Scontri a San Pietroburgo (Ansa) 

piccola posta

La rivolta delle madri in Daghestan smentisce i calcoli di Putin

Adriano Sofri

La mobilitazione "parziale" è già superata dai numeri dalla smobilitazione: gli uomini che fuggono dai confini della Russia. E ora le province periferiche, vessate dai reclutamenti maggiori, si ribellano. Una minaccia per il gradasso Kadyrov

I bravi giornalisti in esilio della Novaya Gazeta, citando una fonte anonima interna al Fsb, il servizio di sicurezza federale succeduto al Kgb, calcolano che fra mercoledì e sabato scorsi siano fuggiti dalla Russia 261 mila uomini. Se così fosse, la mobilitazione “parziale” di Putin, limitata ufficialmente a 300 mila uomini, sarebbe stata già superata dal numero di uomini che, già richiamati o temendo di esserlo, sono usciti dai confini russi: una smobilitazione. Di fatto, i reclutamenti avvengono largamente alla cieca, e continuando a prediligere gli stati e le province periferiche, ritenute meno in grado di minacciare il potere con la loro ribellione. Calcolo che sembra smentito dal Daghestan, nella cui capitale, Machačkala, finalmente la rivolta delle madri è esplosa. Dal Daghestan e dalla confinante Cecenia il reclutamento è dall’inizio molto maggiore che non dalla Russia delle metropoli (dieci volte tanto, si denuncia): e la ribellione dei due paesi, e degli altri della costellazione musulmana del Caucaso del nord, suona minacciosa per il gradasso Kadyrov. Gli stessi difensori ucraini rifiutano di chiamare col nome onorevole di ceceni i mercenari di Kadyrov, i “Kadyrovtsy”. Il cui paradossale rinnegamento è destinato prima o poi ad arrivare alla resa dei conti, e non è detto che non avvenga prima, grazie alla vergognosa guerra d’Ucraina e all’abuso che ne viene fatto. La storia, e il suo bagaglio di cupe tragedie, continua a sopraffare l’enorme territorio che fu dello zar e poi dell’Urss: fa impressione leggere degli uomini tatari di Crimea che il regime russo vuole oggi arruolare di forza contro l’Ucraina, e che cercano riparo in Kazakistan, quel Kazakistan in cui l’intero loro popolo fu deportato dall’Urss all’inizio della Seconda guerra. 

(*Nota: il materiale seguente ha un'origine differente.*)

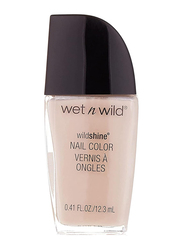 Wet N Wild Shine Nail Colour, Yo Soy, Beige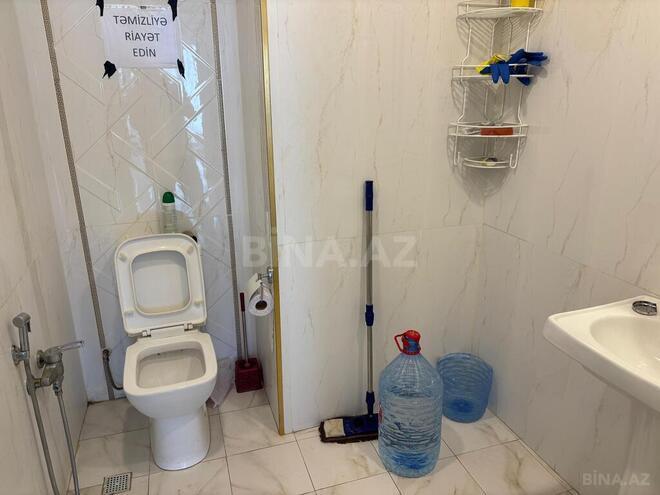 3 otaqlı ofis - İnşaatçılar m. - 75 m² (11)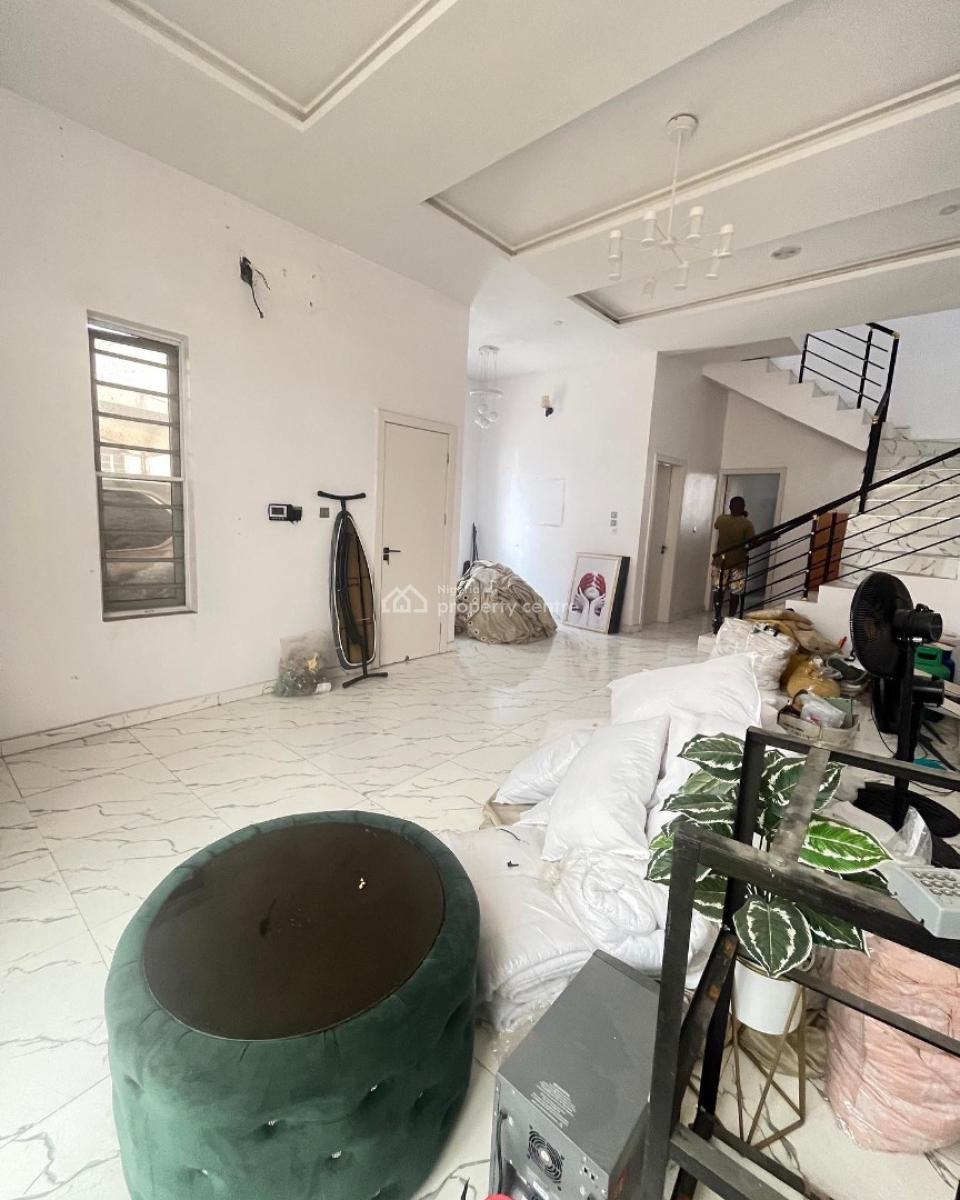 Lovely 4 Bedroom Semi Detached Duplex with Bq, Orchid, Lekki, Lagos, Semi-detached Duplex for Sale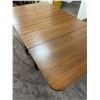Image 4 : Beautiful Wood Folding Table
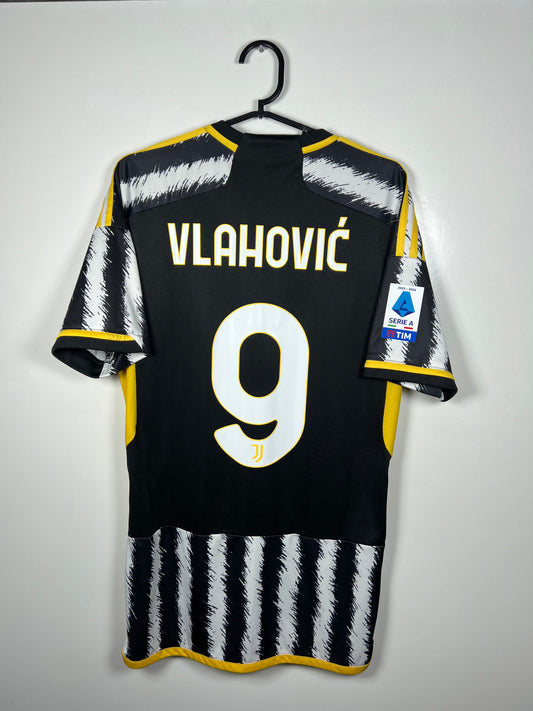 Juventus 2023-2024 thuis Vlahovic M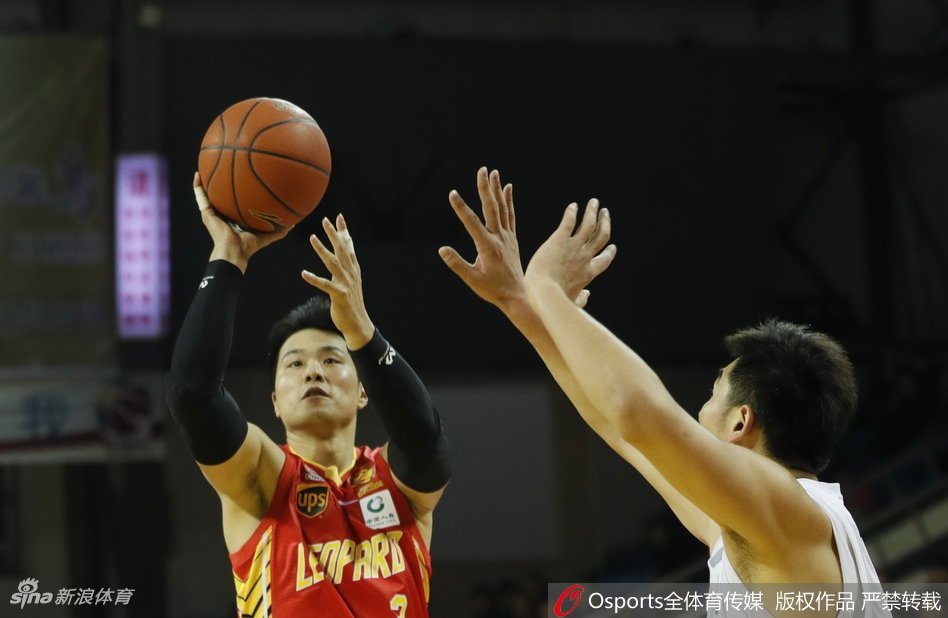 01月08日 CBA常規賽 北控vs上海 全場(chǎng)錄像回放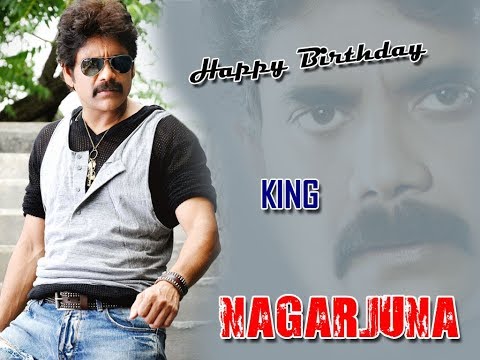 King Nagarjuna Birthday Celebrations by Fans || AME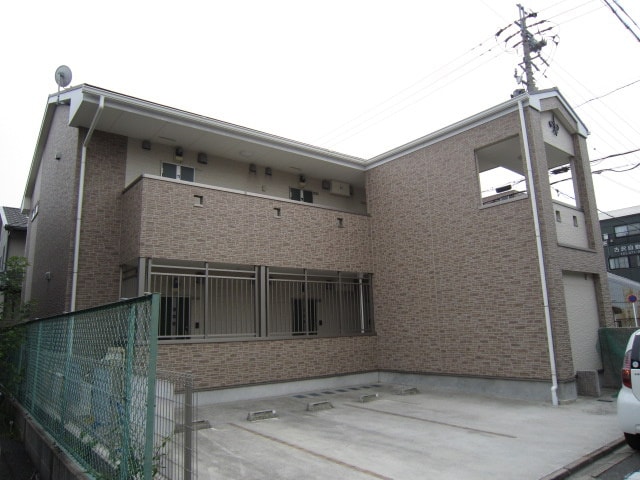 リベルタの物件外観写真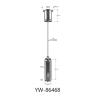 Buy cheap Black Plated Art Wire Hanging Display Systems For Art Exhibition YW86466 from wholesalers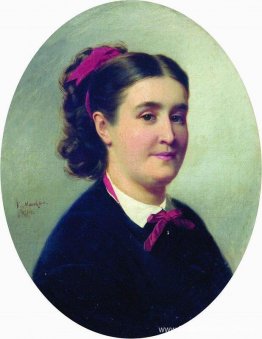Portret van de Dame Portret van de Dame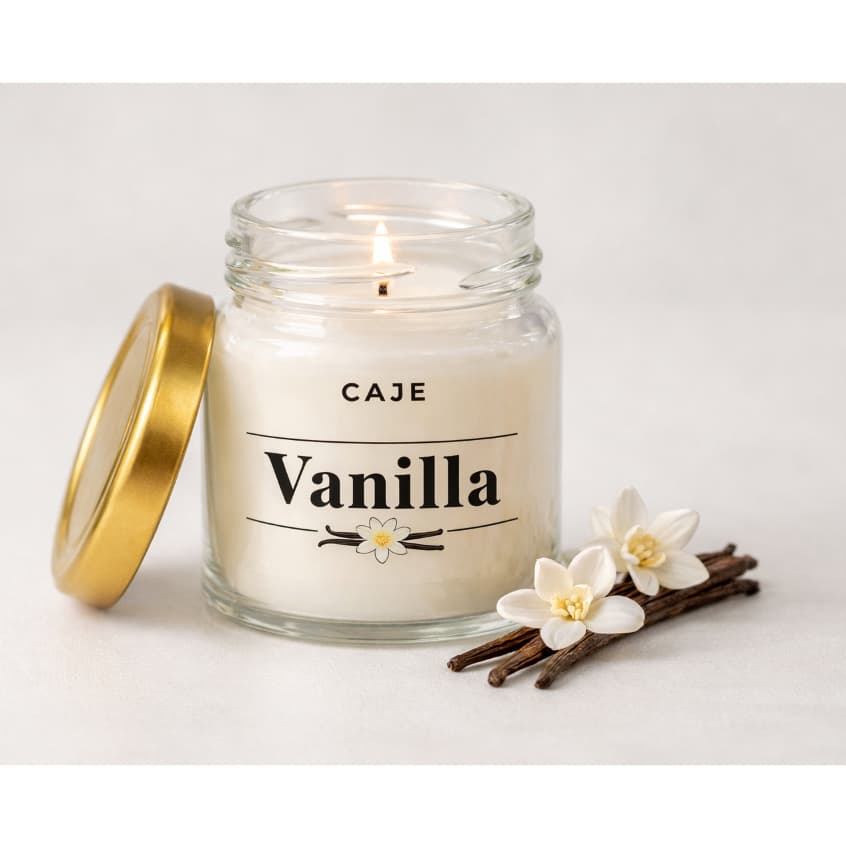 1 Vela Aromática Artesanais Mini 40 ml para presentear - Perfumada decorativa decoração lembrancinha presente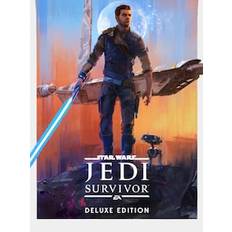 STAR WARS Jedi: Survivor | Deluxe Edition (PC) - Steam Account - GLOBAL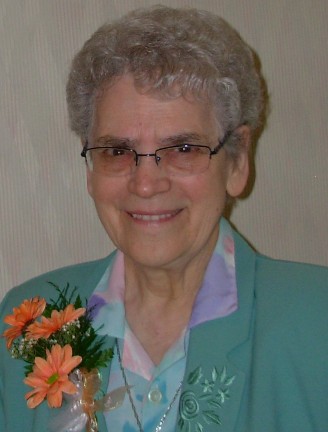 Sr Aurore St-Amant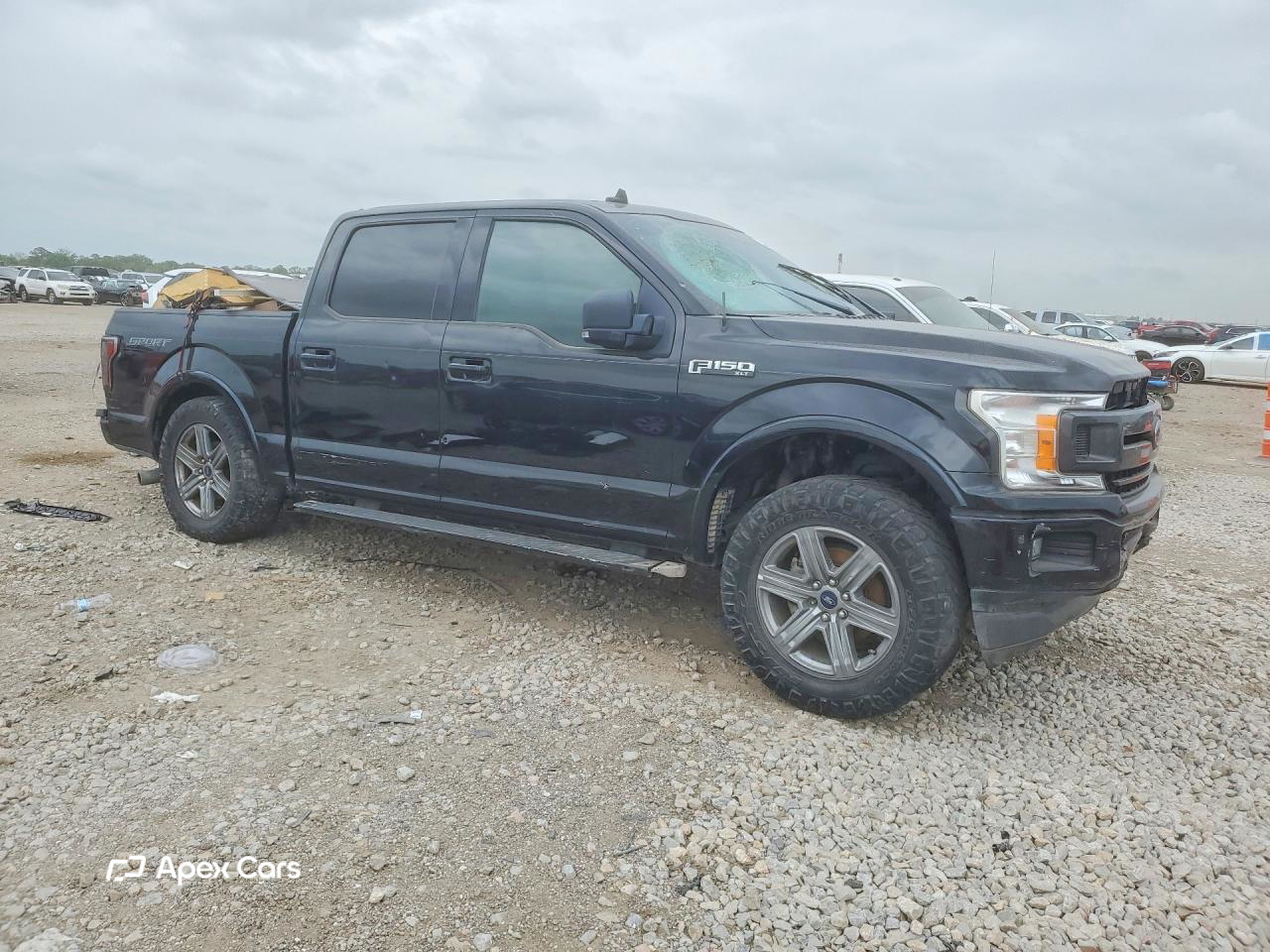 Ford F-150 2019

In appendice, copio un brano che Giovanni Dall’Olio ha citato da Telegram, sull’incontro di lunedì, a Sochi, sul Mar Nero, fra Putin e Lukashenka, il dittatore bielorusso: “Durante il pranzo, Lukashenka, in presenza di diverse persone, ha posto al presidente russo una domanda inaspettata: ‘Volodya, dimmi, quanto vivrai?’. Un Putin stupito ha chiesto il perché di questa domanda, Lukashenka ha risposto che far suonare le armi nucleari va bene quando è un bluff, e se non è un bluff, allora è un suicidio”. Non so quanto sia vero un simile aneddoto, che a prima vista sembra inverosimile. Ma succede che al proprio cameriere si permettano uscite sbarazzine. Quello che mi colpisce dell’aneddoto è l’intelligenza: se non è vero è benissimo trovato. E se quella canaglia di Lukashenka l’avesse detto davvero, avrebbe salvato l’anima sua – o quasi.